Work to complete -
Leave every picture out, then reproduce the rest of the listing exactly.

Data shown -
* * * * * * *
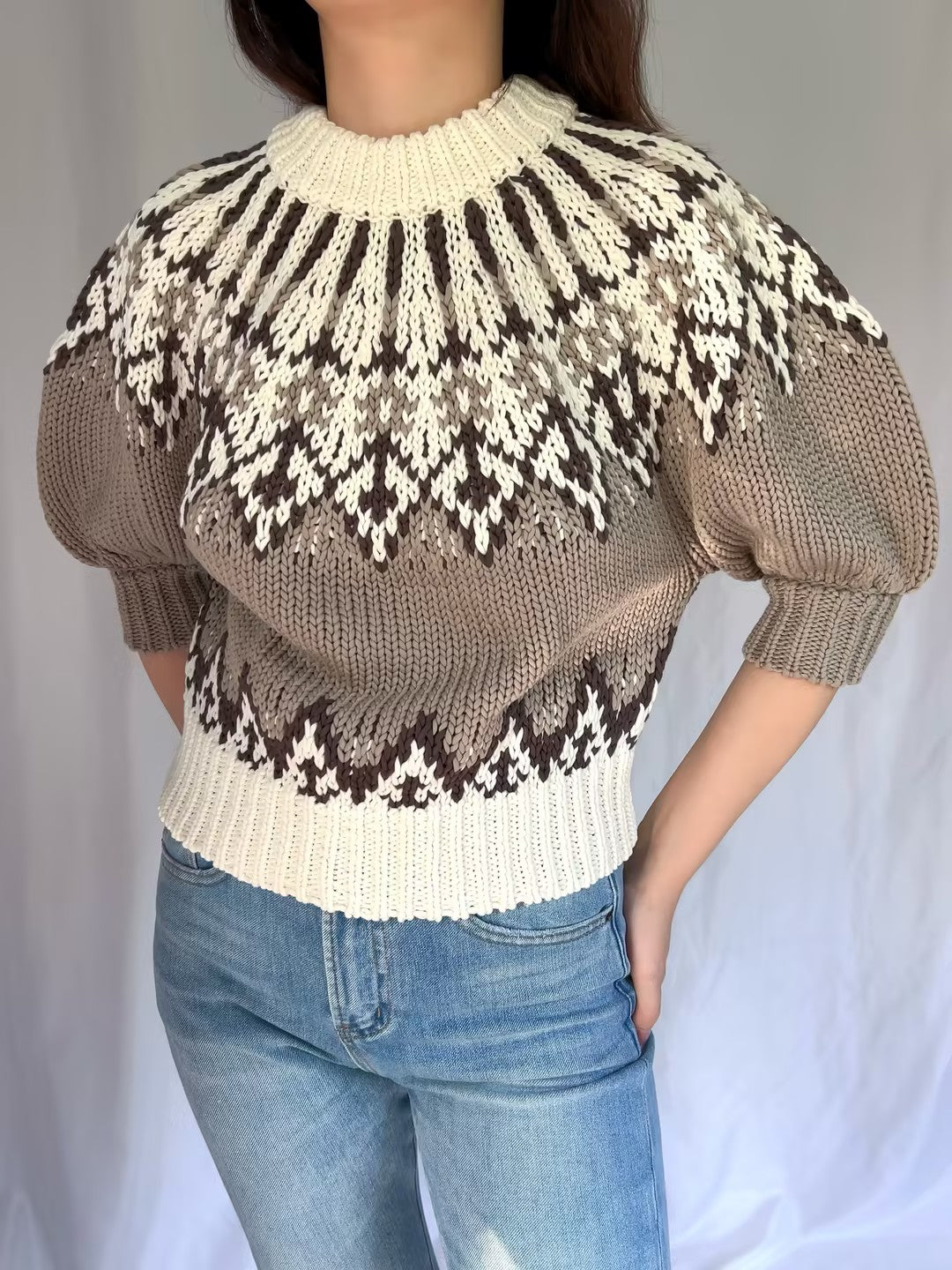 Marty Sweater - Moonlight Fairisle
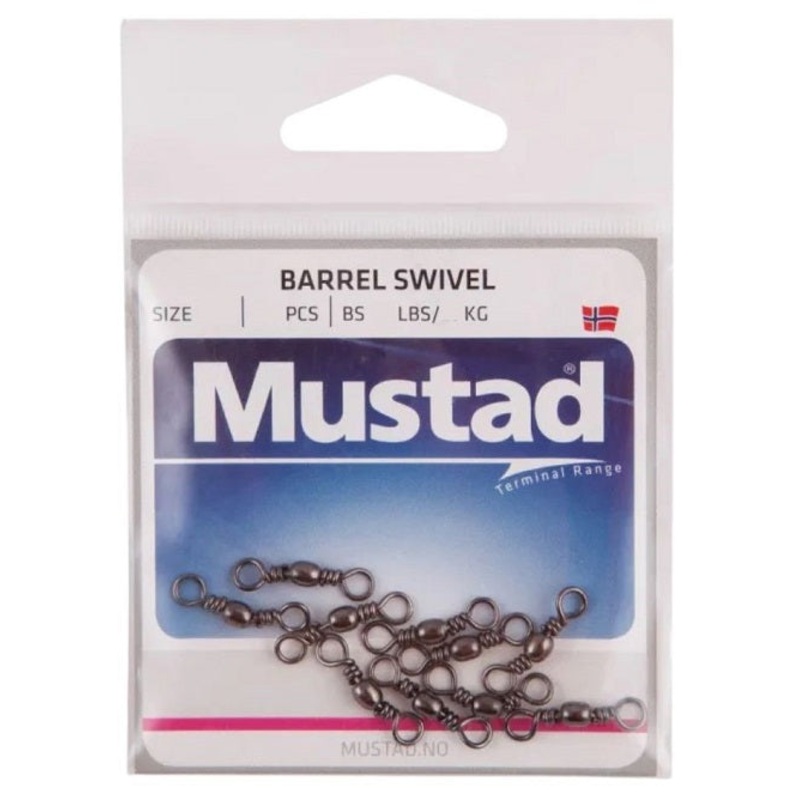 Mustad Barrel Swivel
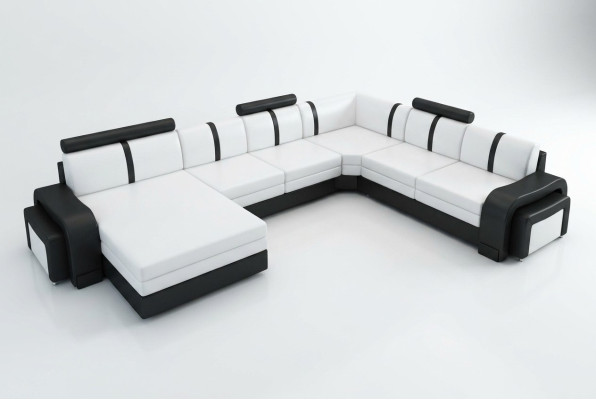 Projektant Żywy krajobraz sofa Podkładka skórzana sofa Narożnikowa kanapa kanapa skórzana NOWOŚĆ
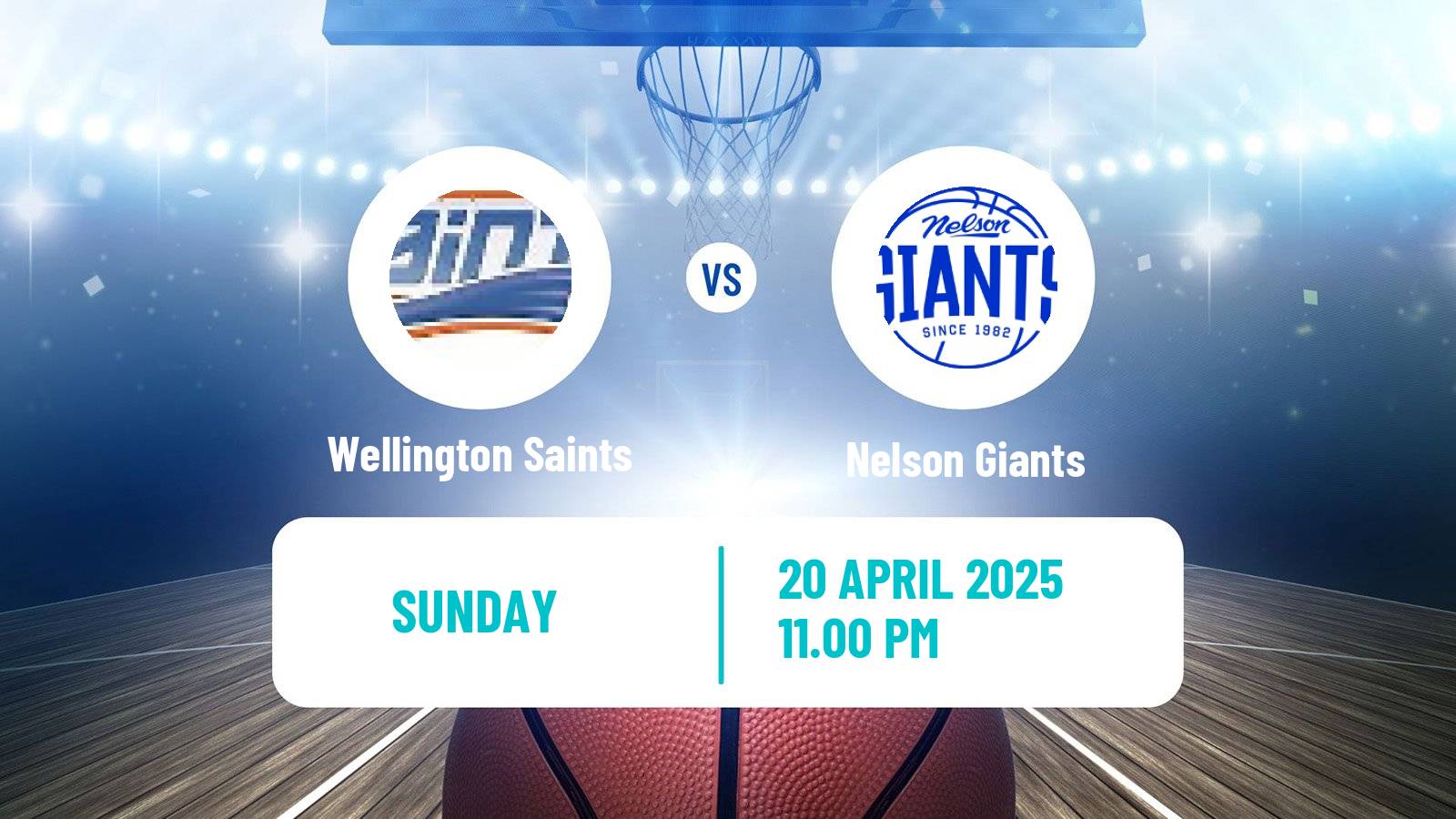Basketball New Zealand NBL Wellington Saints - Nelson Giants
* * * * * * *
Output of the task -
 Marty Sweater - Moonlight Fairisle
 Mustad Barrel Swivel
 Projektant Żywy krajobraz sofa Podkładka skórzana sofa Narożnikowa kanapa kanapa skórzana NOWOŚĆ
Basketball New Zealand NBL Wellington Saints - Nelson Giants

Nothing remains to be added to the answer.